Word for word, reproduce each line of the data below, omitting every image.

DATA BLOCK =>
▽

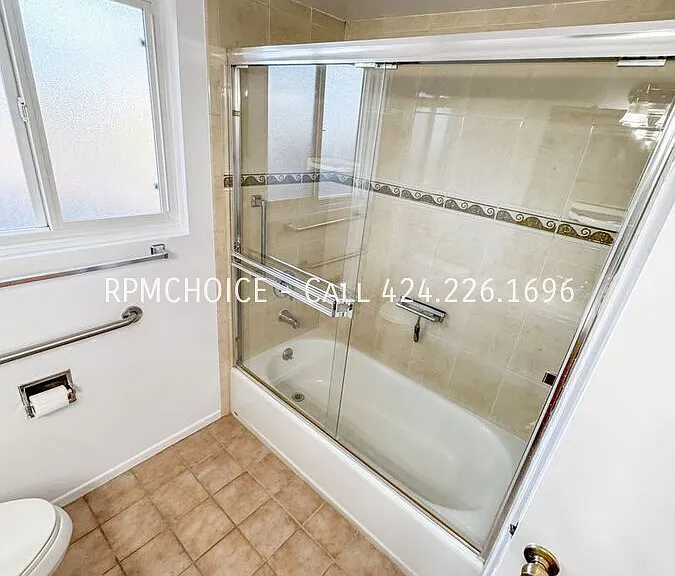 23821 Stanhurst Ave — Photo 35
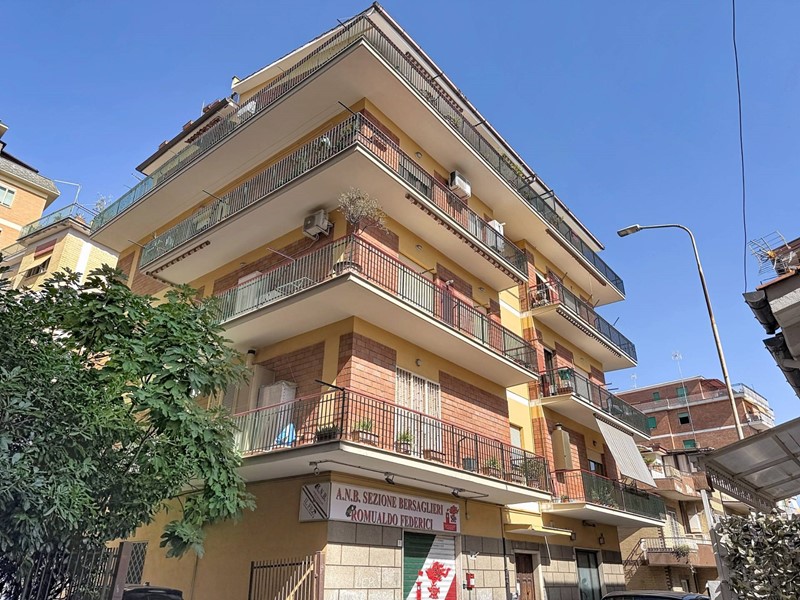 Trilocale in Vendita a Monterotondo, 149'000&euro;, 90 m²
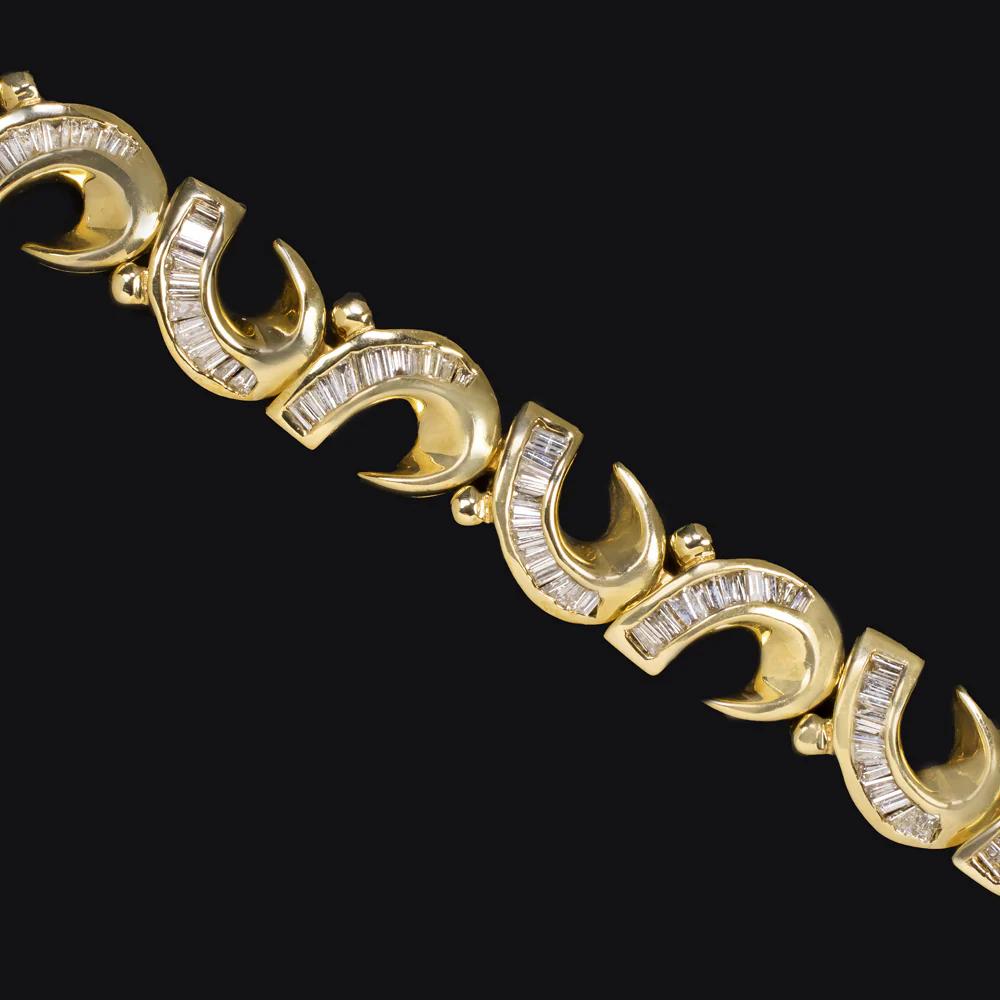 Taglio baguette Vintage Handmade 14K Yellow Gold Bracelet with 5.00ct Baguette Diamonds – 31.7g in vendita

△

SOLUTION FOR THIS EXERCISE =>
 23821 Stanhurst Ave — Photo 35
 Trilocale in Vendita a Monterotondo, 149'000&euro;, 90 m²
 Taglio baguette Vintage Handmade 14K Yellow Gold Bracelet with 5.00ct Baguette Diamonds – 31.7g in vendita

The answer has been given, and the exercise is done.